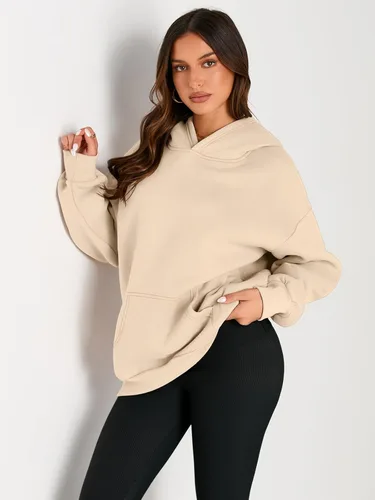 Vista 2 de EFAN - Sudadera con capucha para mujer - Sudadera de vellón sobredimensionada con mangas largas para otoño e invierno, ropa de moda inspirada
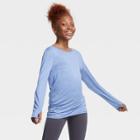 Girls' Long Sleeve Ruched Studio T-shirt - All In Motion Deep Periwinkle Xs, Girl's, Deep Purple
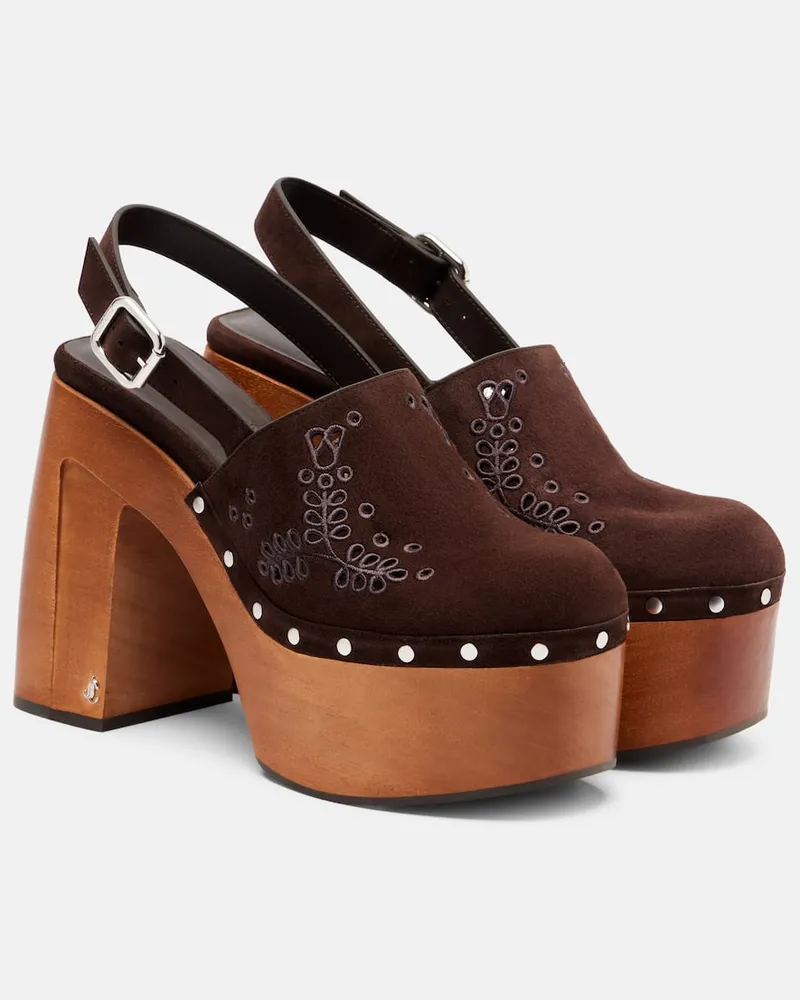 Jimmy Choo Plateau-Clogs Alida 135 aus Veloursleder Braun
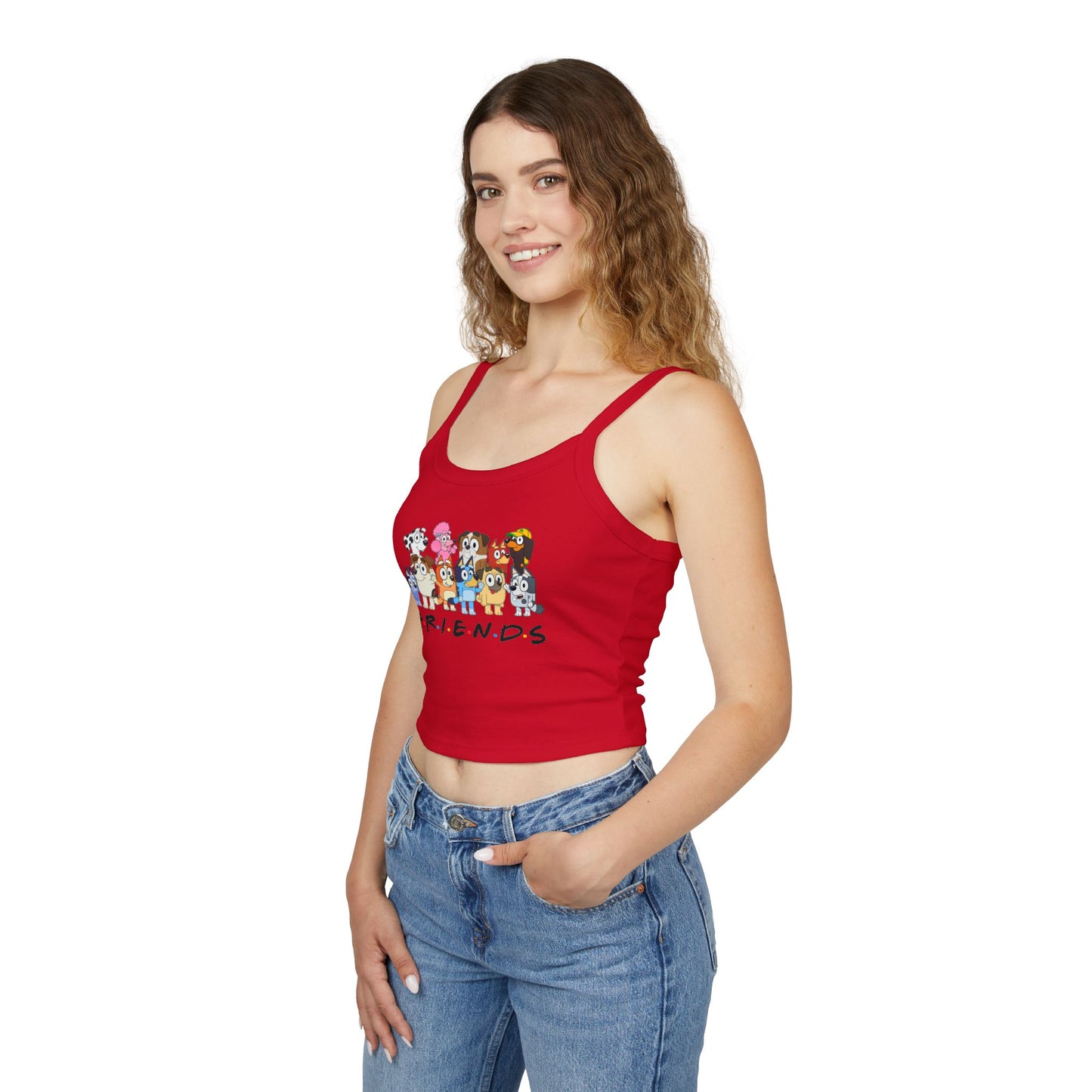 Princess Grace Bluey Cute Cartoon Animal Friends Spaghetti Strap Tank Top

■ Your task:
Only the lines from the one containing "Girls' Long Sleeve" through the last line of the material should be returned, exactly and without pictures.

■ Final answer:
 Girls' Long Sleeve Ruched Studio T-shirt - All In Motion Deep Periwinkle Xs, Girl's, Deep Purple
 Jimmy Choo Plateau-Clogs Alida 135 aus Veloursleder Braun
 Princess Grace Bluey Cute Cartoon Animal Friends Spaghetti Strap Tank Top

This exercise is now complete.